Version 1: March 27th 2018
Original release; produces the figures in the paper https://academic.oup.com/gji/article/215/3/2008/5101441.
Version 2: Revised July 2nd 2019
Includes: sampling of the ages from a normal distribution based on their current values, rather than directly from the prior. This speeds up convergence. Increased flexibility in the type of data that can be read, including data files describing samples whose ages are a mixture of normal and uniform distributions; data types (in particular, brick samples with the same sample ID are not independent and are always defined with the same age); stratification of data. Python version of the code is removed. On-the-fly saving of some diagnostics to increase speed.
Version 3: Revised July 24th 2019 Includes: capability to invert also for a rescaled standard deviation of the intensity by an unknown constant (lambda), by including lambda in the list of hyper-parameters.
Version 4: revised Jan 17th 2020 Includes: an option for drawing from the prior age distributions when resampling the sample ages, and the ability to specify the number of age parameters to be resampled (rather than just a fraction of ages).
Version 5: revised June 16th 2020 Includes: an option for using a uniform distribution for the intensity, rather than normal distributions. Reproduces the outputs for the manuscript: "Archeomagnetic intensity variations during the era of geomagnetic spikes in the Near East".
Version 6: revised March 19th 2021 Includes: an option for linking stratified data sets
Authors: Phil Livermore (University of Leeds) Alex Fournier (Institut de Physique du Globe de Paris, Paris) Thomas Bodin (Universite Lyon, Lyon)
Maintained by Phil Livermore, Alex Fournier
Last update: March 19th 2021
AH-RJMCMC is an open-source Fortran code that computes a transdimensional posterior probability distribution of archeomagnetic intensity as a function of time.
For speed, the main program is coded in Fortran 90; graphics are produced using Python (version 3).
To compile the code, type
make all
By default the Intel Fortran compiler ifort is used, but it is straightforward to edit line one of the Makefile to use a different compiler (the gfortran compiler option is given, but commented out).
The code reads from an inputfile, which defines among other things, all the MCMC parameters, the directory where the outputs are to be written, and the location of the data file. To run the Fortran code using a single inputfile, type
AH Applications/AH-RJMCMC/inputfiles/inputfile
For example, to run the method on the Paris-700 dataset type
cd Applications/AH-RJMCMC
../../AH inputfiles/input_Paris700
- From the manuscript https://academic.oup.com/gji/article/215/3/2008/5101441
- Paris 700
- Hawaii
- Lubeck-Paris700
Additionally
- Paris-700, rescaled intensity error budget
(See readme in the folder: Applications/AH-RJMCMC).
- The study of spikes in the Near East: https://doi.org/10.1016/j.pepi.2021.106657
- Near East, Mixed type
- Near East, Group Level, N=2,3
- Near East, Fragment level (original dataset, with modified variants)
(See the readme in the folder Applications/Near_East)
- A linked sequence test case, see Applications/Linked_sequences
From the outputs directory, run
python ../make_plots.py
for basic diagnostics. Run
python ../make_joint_distribution_plots.py 13
to create a joint distribution plot of the age and intensity, for datum number 13.
Run
python ../make_Posterior_with_shifted_ages.py
to make a plot of the posterior mean data age and intensity overlaid with the original data.
Run
python ../make_Stratified_marginal_age_plot.py
to make a plot that shows the posterior ages of stratified data (specific to figure 16 of the referenced GJI manuscript with the Lubeck-Paris dataset).

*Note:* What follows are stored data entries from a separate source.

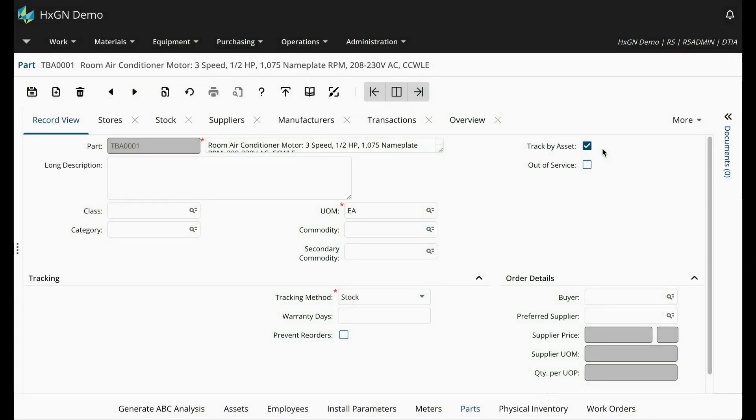This is Rebecca with DigitalThinker. For Hexagon EAM users working with parts, you may have noticed a track by asset checkbox on the part record view screen, but are unfamiliar with the functionality.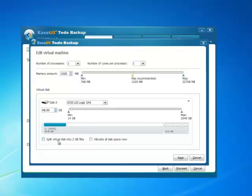The setup options are almost the same as before. One more option is available, split virtual into 2GB files.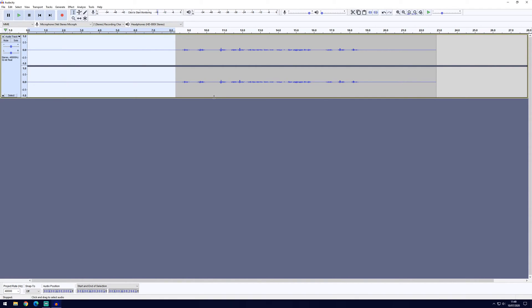We're now going to select all of our audio track, you can do this easily by pressing the Control and A shortcut, you should now see the entire track go light blue.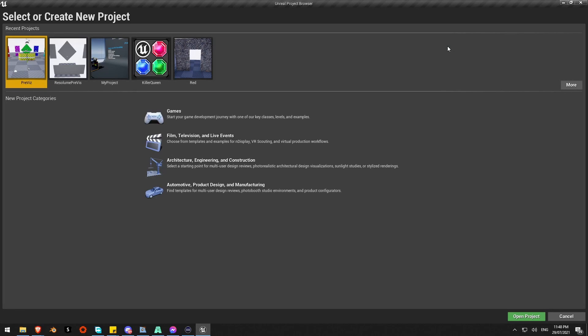Alright, this is going to look at setting up a previs in Unreal Engine, using the Unreal Engine in real time to previs your VJ or your stage setup.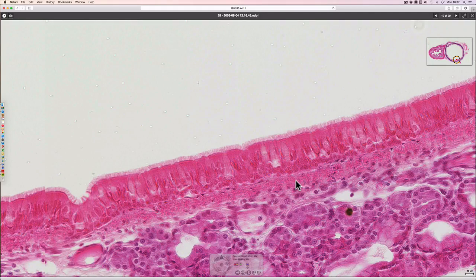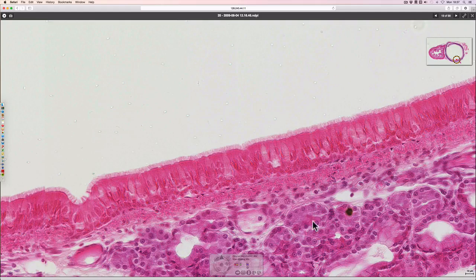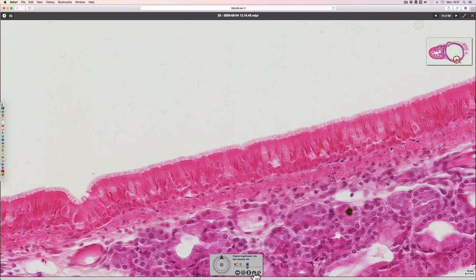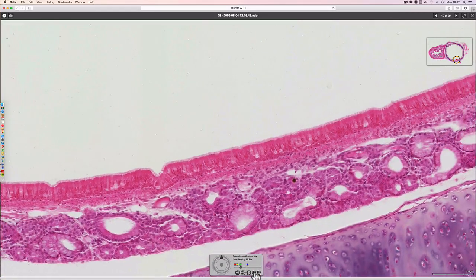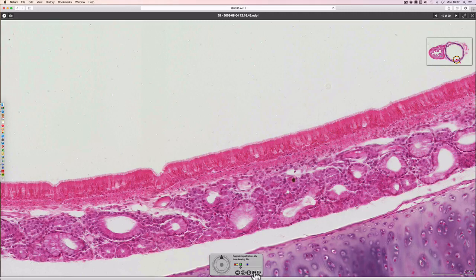Beneath that, in this particular sample, there are some glands. These are connected to the mucosal surface and are producing a mixture of serous and mucus secretions. We have a variety of different types of mucus that we can produce in our respiratory systems.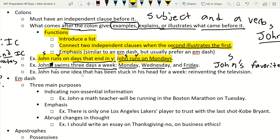The third function of a colon is emphasis — but an em dash, which we'll cover next, is usually better for emphasis on the SAT. If you do use a colon for emphasis, the rule still holds: you need a full independent clause before it. Example: 'John has one idea that has been stuck in his head for a week' — that's the independent clause. What follows the colon would emphasize or name that idea.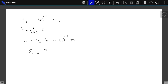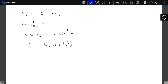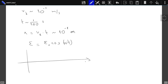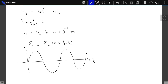We usually write the EMF as epsilon_0 cosine omega t. Here t is time, and omega is the angular frequency. This EMF source is a function of time — it will push the current in one direction, and then at a later time it will push it in the other direction. Its maximum value is what we call epsilon_0.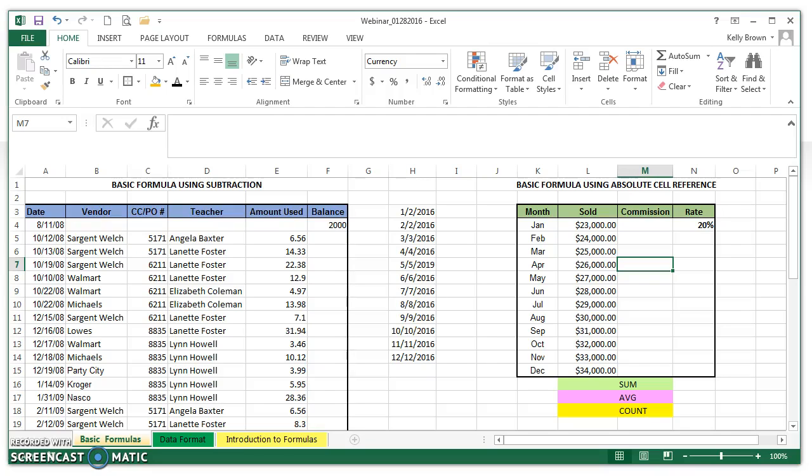Hi, this is Kelly Brown and we're going to work on simple formulas today in Excel. Those formulas are sum, average, and count, and they're very commonly used in Excel.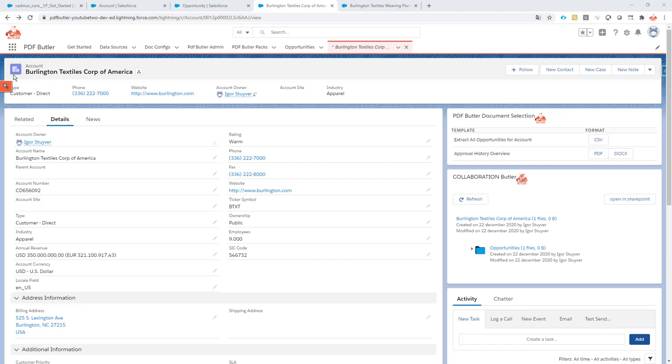In this case we're going to start from the account record, and for each account we want the subfolders for the opportunities, the cases, and the contracts being generated automatically.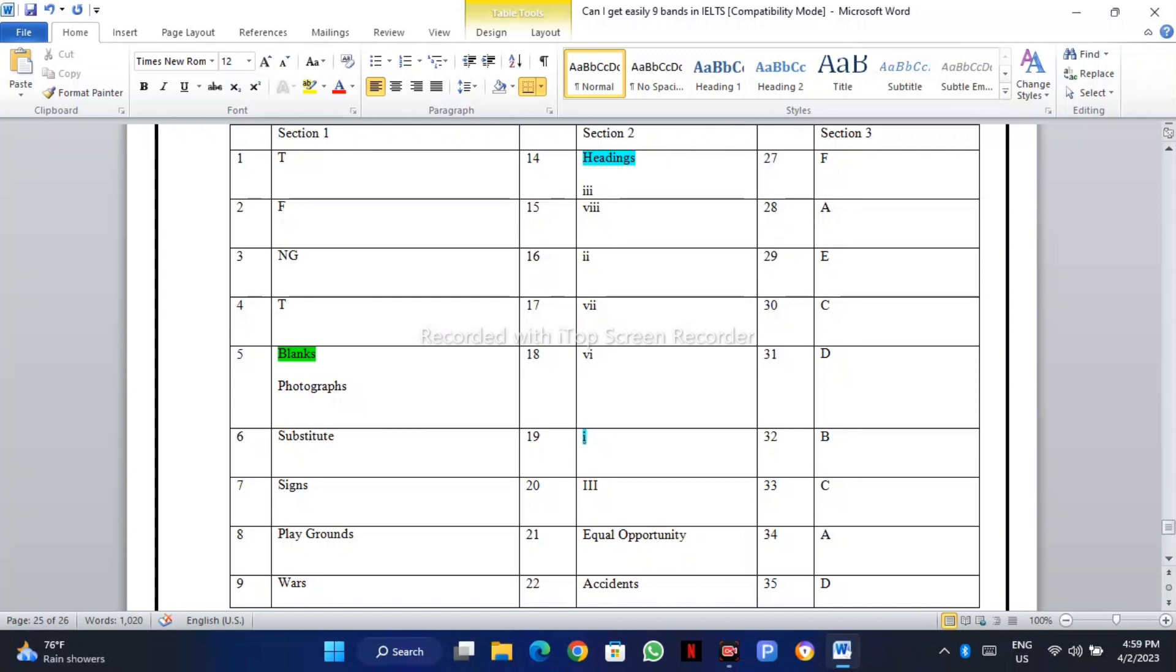I have shared videos on how to solve MCQs in reading, how to solve MCQs in listening. You can solve your problems according to that, and still if you are facing any difficulty you can discuss with us in the group. IELTS is not difficult; the only difficulty is that we are not able to solve things according to the strategies.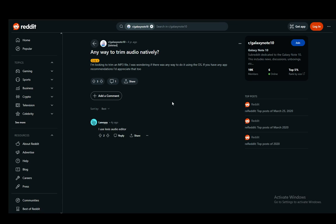Now as you can see, this person here has a Galaxy Note 10 and they're looking for a way to natively trim the audio. This is not available, and as you can see you will need to download an audio editor such as this person here has responded. They use Lexus Audio Editor, which is a valid way to do this.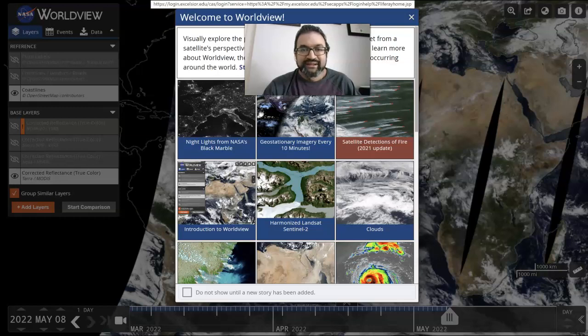Hello everyone. I'm Dr. Sri Banerjee, core faculty for the College of Health Sciences and Public Policy at Walden University.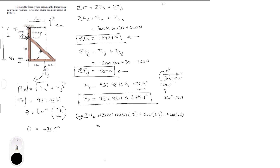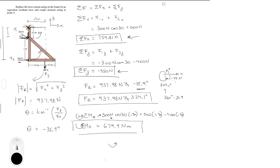By plugging all these numbers in and putting it all together, you get that the couple moment is 679.9 Newton-meters — you get the Newtons from the force and the meters from the distances. It is positive, therefore the moment is counterclockwise. So that's the final answer for the resultant force and the couple moment.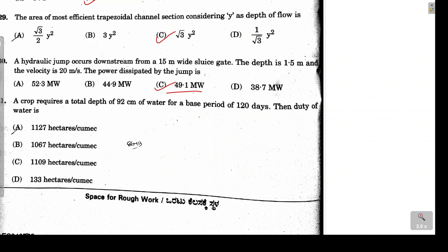In this video we discussed 30 numericals from the KPTCL Assistant Engineer exam for civil engineering. Further questions will be discussed in upcoming videos. Good luck to all who appeared in the exam.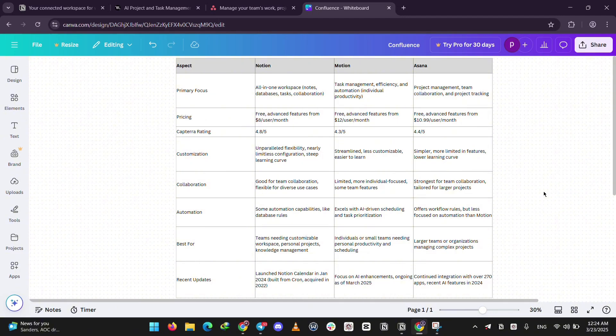Which one's best? If you want a flexible hub for personal stuff or small teams, pick Notion. Need your day planned for you? Motion's your guy. Managing a big team or project? Go with Asana. It really depends on what you're after.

Each inputfile contains all the information needed to run the AH-RJMCMC model.
Comment lines that begin with a '#' symbol are ignored. Each line of information begins with a keyword (in either upper or lower case) followed by the associated information. The information may appear in any order but there are no default values, so all information needs to be given. The keywords that are needed to be specified in the input file are described below.
There are multiple input files in the Github directory that you can use as templates.
File_format (9 integer numbers): These specify which columns of the data file should be read, in the order below.
-
ID : the column number of the sample ID (assumed to be text)
-
Age: the column number of the mean sample age
-
delta age: the column number for the age uncertainty; interpreted as the half-interval range for a uniformly distributed age or the standard deviation for a normally distributed age
-
intensity: the column number of the mean sample intensity
-
delta intensity: the column number of the standard deviation of the intensity
-
data type: the column number specifying the data type, or -1 if this not relevant. If -1 is specified, the data type is set internally within the code to 'O'(ther), which is never accessed. In the data file, the choices of type are: P, B, C, S: pottery, brick, baked clay, slag.
-
age distribution:
- the column number specifying the age distribution type. In the corresponding data file, the distribution should be specified by a column of single characters: "N" (normal) or "U" (uniform) for each datum. If uniform, the given age and delta age specifies the centre point and half-width; if normal, the given age and delta age specifies the mean and standard deviation.
- -1 if ALL the data ages are distributed uniformly (with centre point given by the age, and half-width given by the delta age) or
- -2 if ALL the data ages are distributed normally (with mean given by the age, and standard deviation given by delta age)
-
stratification: the column number specifying stratification information or -1 if stratification is to be ignored. See the section below about denoting stratification within the data file.
-
intensity likelihood: the column number specifying the intensity likelihood type or -1 if all sample likelihoods normally distributed (this is the usual case). If set determined by the data file, the likelihood should be defined as "N" or "U" in the corresponding row, for normal or uniform distribution respectively. The intensity error is taken to be, respectively, the standard deviation or the half interval in intensity.
In all the above, the column index begins at 0.
A typical structure of File_format is: File_format 0 2 3 4 5 -1 -1 -1 -1
show: the frequency of writing information to the screen thinning: the frequency of using samples for diagnostics for the Markov chain
Switch between posterior and prior sampling. 1 - normal, 0 - set all likelihoods to 1 to recover the prior distributions.
Parameters that describe the various model perturbations.
sigma_move: the standard deviation of a move in which the age of a vertex is altered.
sigma_change: the standard deviation when a vertex is altered in intensity
sigma_birth: the standard deviation in intensity when a new vertex is born
sigma_age: the standard deviation in age when proposing an alteration in the sample ages.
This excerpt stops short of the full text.